What you are asked to do:
The material below is to be copied exactly from the line with "View/Area - 4073" up to and including the line with "Used Wuling Xingyun", with nothing else kept and no pictures.

Recorded data:
◆ ◆ ◆ ◆
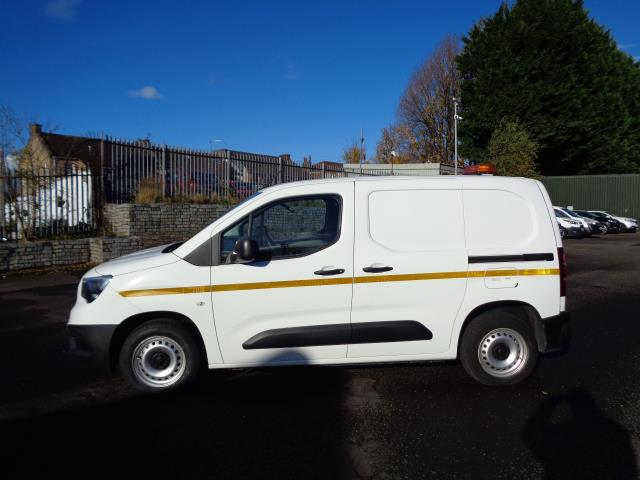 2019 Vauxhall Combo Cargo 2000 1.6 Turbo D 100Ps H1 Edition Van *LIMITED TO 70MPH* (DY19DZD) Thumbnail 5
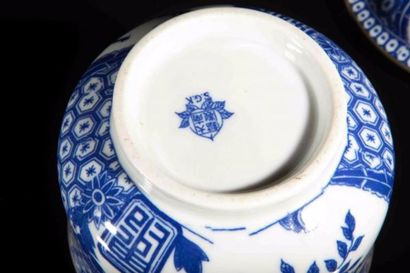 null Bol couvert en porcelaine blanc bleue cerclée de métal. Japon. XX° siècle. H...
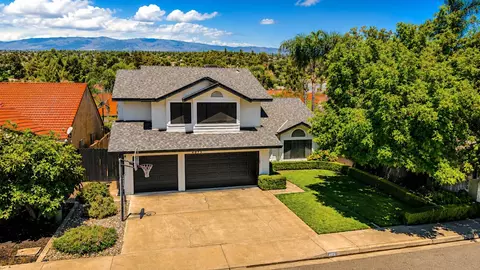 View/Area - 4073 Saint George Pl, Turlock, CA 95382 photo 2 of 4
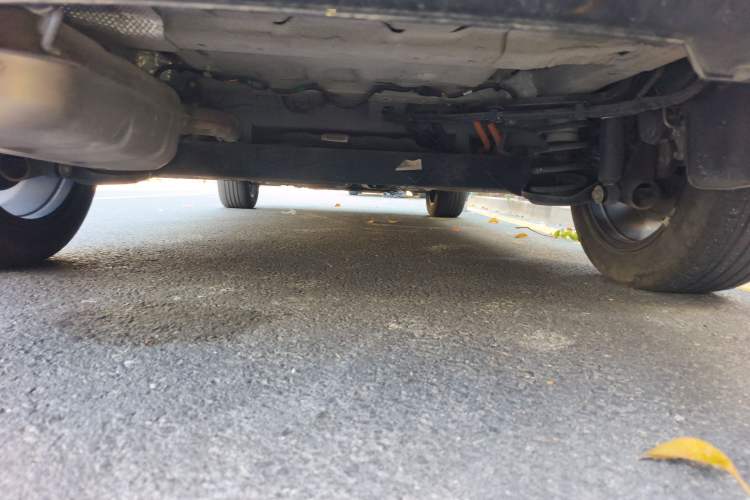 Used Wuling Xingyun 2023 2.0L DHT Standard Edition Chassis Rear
◆ ◆ ◆ ◆
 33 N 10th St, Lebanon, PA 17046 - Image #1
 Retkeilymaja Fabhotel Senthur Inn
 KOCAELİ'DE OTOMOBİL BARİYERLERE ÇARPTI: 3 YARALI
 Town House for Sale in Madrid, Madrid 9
◆ ◆ ◆ ◆
Answer space:
 View/Area - 4073 Saint George Pl, Turlock, CA 95382 photo 2 of 4
 Used Wuling Xingyun 2023 2.0L DHT Standard Edition Chassis Rear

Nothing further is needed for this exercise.